Asking an LLM for JSON and getting JSON back is harder than it used to be — or rather, it's still as fragile as it used to be, but the fragility is better hidden. Structured output modes and function calling have made the happy path smooth and the failure path subtle. This post is the playbook for making structured outputs actually work in production.
The four techniques and when to use each
Constrained decoding (JSON mode, strict mode)
OpenAI's structured outputs, Anthropic's tool use with forced JSON, and open-model equivalents (Outlines, LMQL) all constrain the decoder to only generate tokens consistent with a schema.

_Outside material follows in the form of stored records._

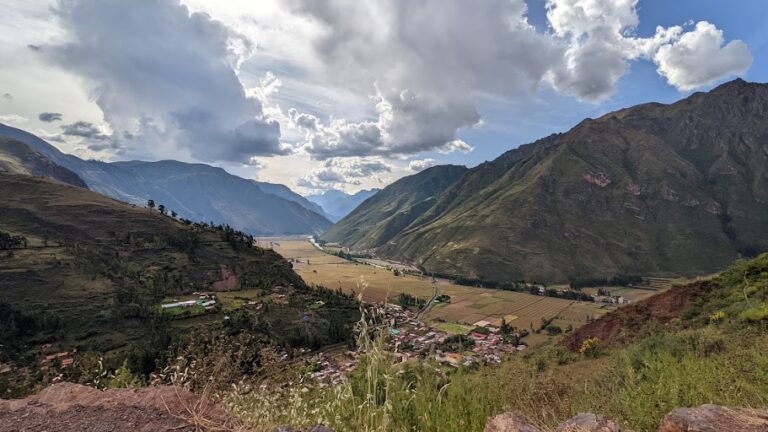 a view of a river valley surrounded by mountains and a dramatic cloudy sky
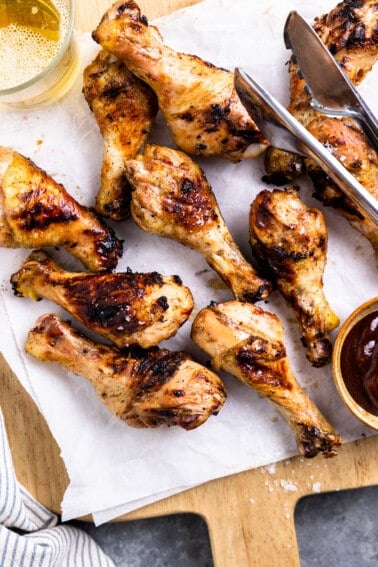 Grilled chicken legs on a wood cutting board with a bowl of bbq sauce and a beer.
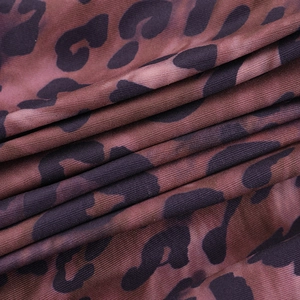 Macro shot of brown and purple leopard print on ribbed knit fabric showing texture
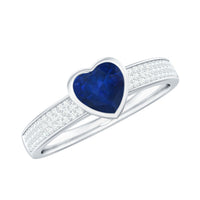 Blue sapphire heart solitaire engagement ring with pave diamonds by Rosec Jewels, featuring a stunning blue gemstone and sparkling accents.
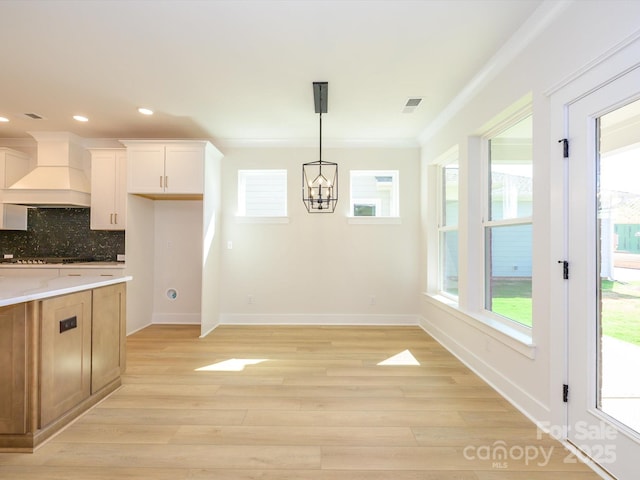 kitchen featuring a chandelier, custom range hood, visible vents, and light wood finished floors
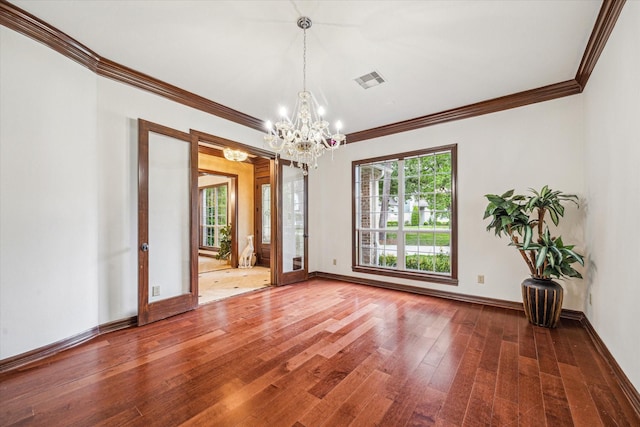 empty room with ornamental molding, a healthy amount of sunlight, hardwood / wood-style flooring, and a notable chandelier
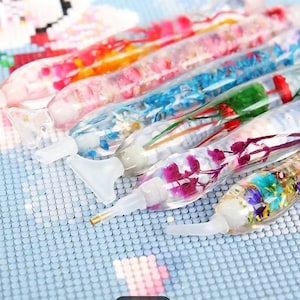 May include: A collection of colorful diamond painting pens filled with dried flowers and glitter. The pens have clear barrels and white tips, and are arranged on a light blue surface. The pens are designed for crafting and art projects.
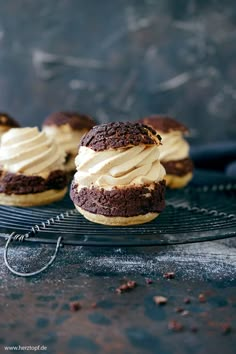 three chocolate cookies with cream frosting on a cooling rack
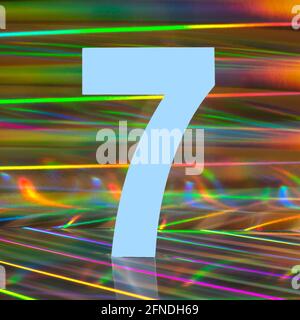 Number seven on abstract multicolored holographic background. Disco lights style. Stock Photo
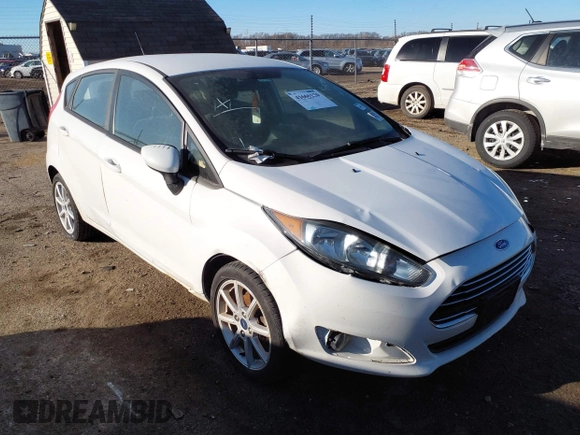 2019 Ford Fiesta SE z VIN 3FADP4EJ0KM148306, wystawiony jako IAAI lot #41666170 z przebiegiem 68 966 mil mil oraz . Historia ofert i sprzedaży dostępna na DreamBid. Obrazek 1.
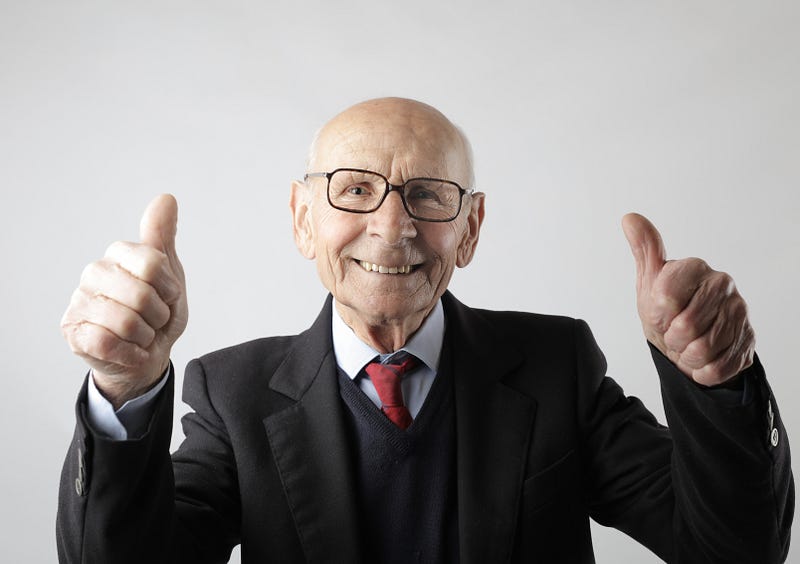 A cheerful bald person enjoying life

In theory this gives you 100% valid output. In practice it gives you ~99.5% valid output — there are still edge cases (schema ambiguity, token-boundary issues, deeply nested structures) that slip through. But it's dramatically better than unconstrained generation with a "return JSON" instruction, which was our baseline three years ago.

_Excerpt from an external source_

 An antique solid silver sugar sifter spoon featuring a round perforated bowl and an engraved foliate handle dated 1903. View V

Function calling / tool use
When you define tools, the model calls them with typed parameters. This is structured output by another name, and it's often the cleanest way to express "the model should return an object matching this schema." Use it whenever your downstream consumer is action-oriented ("book a meeting with these params") rather than content-oriented ("summarize this document into these fields").
Schema in the prompt
Still works and still necessary for models without structured output support or when you need flexibility the schema modes don't give you. Include the schema as JSON or TypeScript in the prompt, ask for output matching it, parse the response. Failure rate is higher — typically 2-5% malformed output on modern frontier models, higher on smaller or older models — so the repair loop matters more here.
Grammar-constrained generation
For non-JSON outputs (SQL, specific DSLs, structured text formats), grammar-constrained generation lets you define a formal grammar and guarantee conformance. Outlines and guidance support this. Rare but very useful when it applies.
The repair loop
Parse the output. If it fails schema validation, send a repair prompt: the original query, the malformed output, the specific validation errors, and a request to fix. Repeat up to two times. If still failing, fall through. Two retries is the sweet spot — one isn't enough, three rarely helps and adds latency. The repair prompt should be short and mechanical; don't re-explain the original task, just show the error.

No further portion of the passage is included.